Do Students Debias Like Teachers? On the Distillability of Bias Mitigation Methods
Abstract
Knowledge distillation (KD) is an effective method for model compression and transferring knowledge between models. However, its effect on model's robustness against spurious correlations, shortcuts and task-irrelevant features that degrade performance on out-of-distribution data remains underexplored. This study investigates the effect of knowledge distillation on natural language inference (NLI) and image classification tasks, with a focus on the transferability of ``debiasing'' capabilities from teacher models to student models.
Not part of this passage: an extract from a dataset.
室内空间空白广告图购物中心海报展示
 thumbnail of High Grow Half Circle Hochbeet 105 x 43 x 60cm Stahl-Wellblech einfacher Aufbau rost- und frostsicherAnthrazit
Through extensive experiments, we illustrate several key findings: (i) the effect of KD on debiasing performance depends on the underlying debiasing method, the relative scale of the models involved, and the size of the training set; (ii) KD effectively transfers debiasing capabilities when teacher and student are similar in scale (number of parameters); (iii) KD may amplify the student model's reliance on spurious features, and this effect does not diminish as the teacher model scales up; and (iv) although the overall robustness of a model may remain stable post-distillation, significant variations can occur across different types of biases; and Given the above findings, we propose three effective solutions to improve the distillability of debiasing methods: developing high quality data for augmentation, implementing iterative knowledge distillation, and initializing student models with weights obtained from teacher models.